Excel Tip of the Week #353 - Audit sampling templates: Dynamic arrays

This blog is brought to you by the Excel Community where you can find additional blogs, extended articles and webinar recordings on a variety of Excel related topics. In addition to live training events, Excel Community members have access to a full suite of online training modules from Filtered. There is also an online forum where you can ask questions and share ideas with other community members.

Hello all and welcome back to the Excel Tip of the Week!  This time we have a Creator-level post in which we are going to kick off a new miniseries.  In this miniseries we will be showing how you can build a template to do audit sampling in three different ways - with traditional Excel formulas, with VBA macros, and today's topic - how to build the template with the new dynamic arrays available in Excel for Microsoft 365.

In each of these posts, we'll be examining how the template works and explaining the formulas used in the main post.  And in each, the finished product will be available to download.  This first instalment is available for free on Tech News; the other two will be posted in the coming weeks in the Excel Community.

You can also view a version of this blog on YouTube:

A look at the layout of our template

Here's the basic layout that we will be using for all three of our templates:

The options at the top allow the user to specify whether they want item sampling (in which all items have an equal chance of being chosen), or monetary unit sampling (in which the sample is weighted towards the larger items).  They can of course also specify the size of the sample they want.

The lower part of the template is an Excel Table (see TOTW #163 and #164).  By using a Table, we can have the formulas that refer to this range automatically adjust based on the size of the population that the user pastes into the table.  In this example, we have pre-filled the template with a 100-item population.

There is also a cumulative total column that is calculated automatically by formulas, that we will be using for the monetary unit sampling later on.  This shows the total of the items prior to the current line.  The formula is:

=SUM(INDEX([Value],1):[@Value])-[@Value]

This uses structured references to refer to the Value column.  We have two different versions of that reference: [Value] refers to the entire column, whereas [@Value] refers only to the Value entry for the current row.  We are also taking advantage of the fact that INDEX functions (see TOTW #201) can be used as one or both sides of a range (indicated with a colon).  So we have an INDEX with a value of 1 that indicates the start of the table as one end of the SUM range, and this then continues down to the current row to give us a running total.  We then subtract the current row's value to show the total prior to the current row.
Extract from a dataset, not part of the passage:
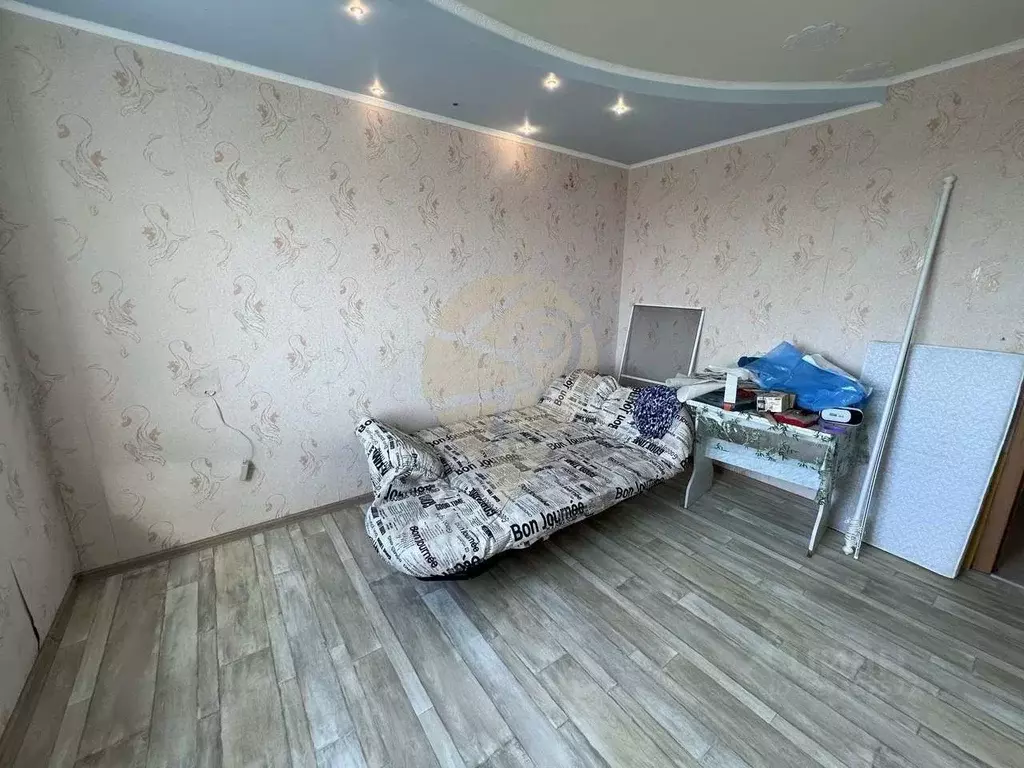 2-к кв. Белгородская область, Старый Оскол ул. Свердлова, 12 (52.5 м) - Фото 2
The other items in the template are calculated automatically.  "Sampling unit" shows the size of monetary units that we will use, and is calculated with:

=10^IF(D3<1000000,0,ROUNDDOWN(LOG10(D3)-5,0))

Essentially this will use a unit of £1 if the total items have a value of £1,000,000 or less, and otherwise will choose a power of 10 based on the size of the sample desired.  This will prevent the dynamic arrays that we will create from going over the Excel maximum of 1,048,576 items.

Building our formulas

We'll be using dynamic arrays for our template - if you're not familiar with those, check out TOTW #327.

First off, we'll create a numbering for our sample.  This is just a SEQUENCE function that looks at the size of the sample selected:

=SEQUENCE(B3)

This isn't just neat labelling - we will also use this SEQUENCE function to control the number of items that we return from our random sampling process later on.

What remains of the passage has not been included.